The study carried out by scientists at Harvard and Yale proposes the use of a technique known as stratospheric aerosol injection that they say could cut the pace of global warming in half.
The method involves spraying large amounts of sulphate into the earth’s lower stratosphere at altitudes as high as 12 miles.
The sulphate can be delivered into the higher atmosphere by especially-designed high altitude aircraft, balloons or large naval-style guns, the scientists suggest.
No aircraft can currently travel to altitudes as high as proposed in the study.

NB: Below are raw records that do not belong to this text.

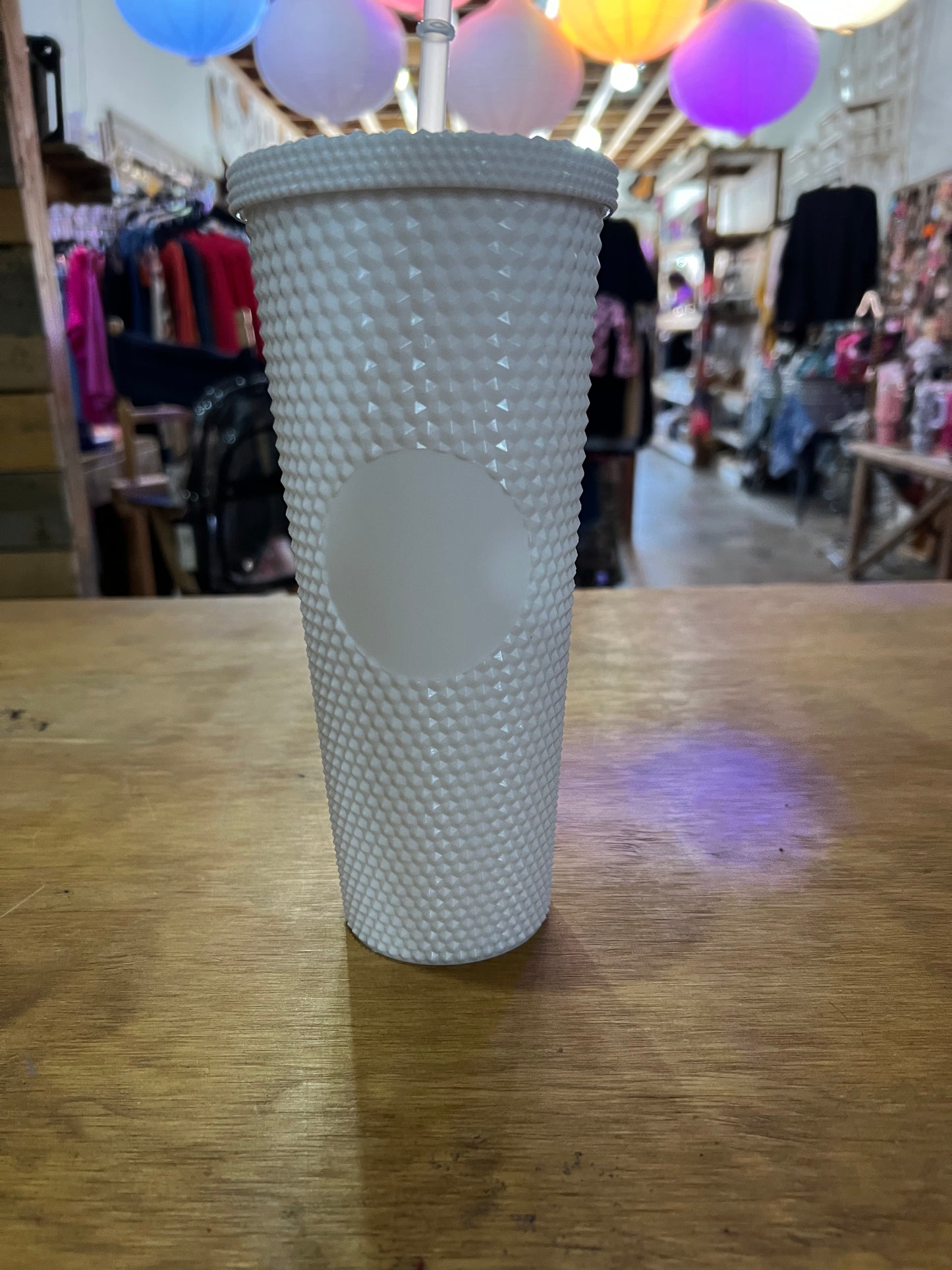 Textured Plastic Tumbler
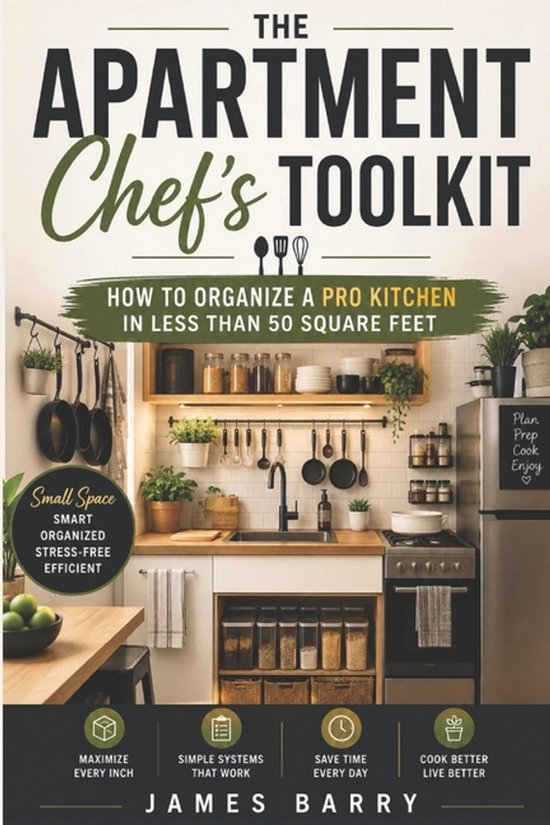 The apartment chefs toolkit - cover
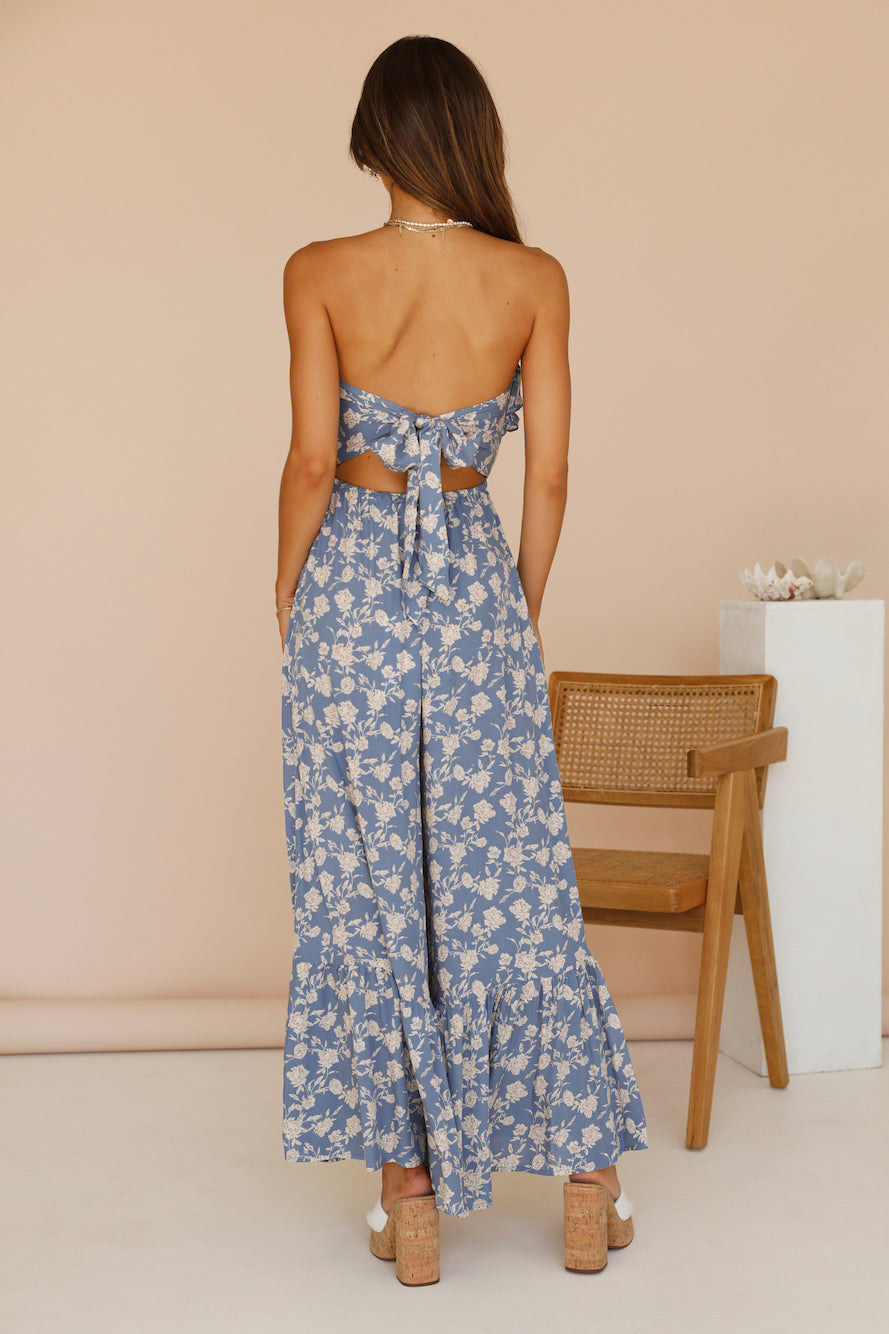 Count To Ten Jumpsuit Blue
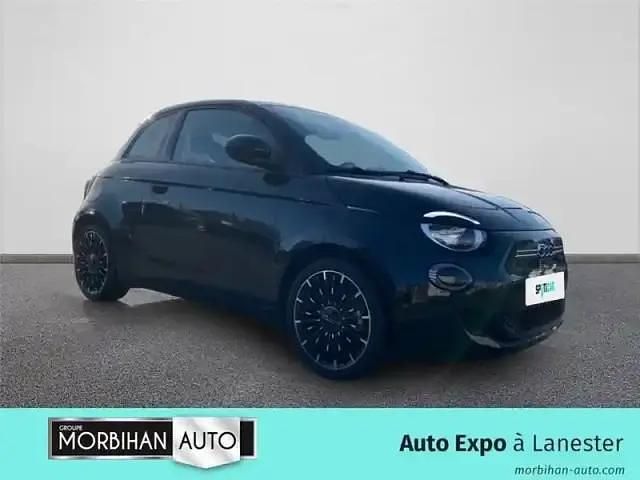 Occasion Fiat 500e 86 kW (118 ch) 2022 Noir Berline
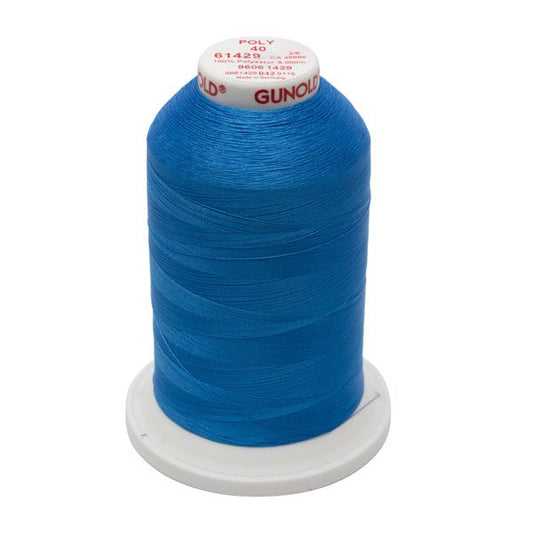 Poly 40 Färgad 61429 Polyester 5000m - brodyrvaruhuset.se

However, researchers believe that such technology would “neither be technologically difficult nor expensive” to develop.
They estimate that a high altitude delivery machine would cost around €3 billion, with a running cost of just under €2 billion over a 15-year period.
While recognising that their idea is “both highly uncertain and ambitious”, the scientists believe that it is still “technically possible from an engineering perspective”.
They also confirmed that this technique would not be without risk as aerosol injections into the stratosphere may hamper coordination between multiple countries in both hemispheres.
Such techniques may also jeopardise crop yields and stimulate drought or extreme weather conditions, researchers said.
Speaking to CNN, Philippe Thalmann of the École Polytechnique Fédérale de Lausanne, an expert in climate change, said he was not optimistic about the technique.
“From the point of view of climate economists, solar radiation management is still a much worse solution than greenhouse gas emissions: more costly and much more risky over the long run,” he told CNN.
David Archer of the Department of Geophysical Science at the University of Chicago also told CNN that such solutions are temporary and won’t address the underlying causes of climate change.
“The problem with engineering climate in this way is that it’s only a temporary Band-Aid covering a problem that will persist essentially forever actually, hundreds of thousands of years for fossil fuel CO2 to finally go away naturally,” he said.
“It will be tempting to continue to procrastinate on cleaning up our energy system, but we’d be leaving the planet on a form of life-support. If a future generation failed to pay their climate bill they would get all of our warming all at once.”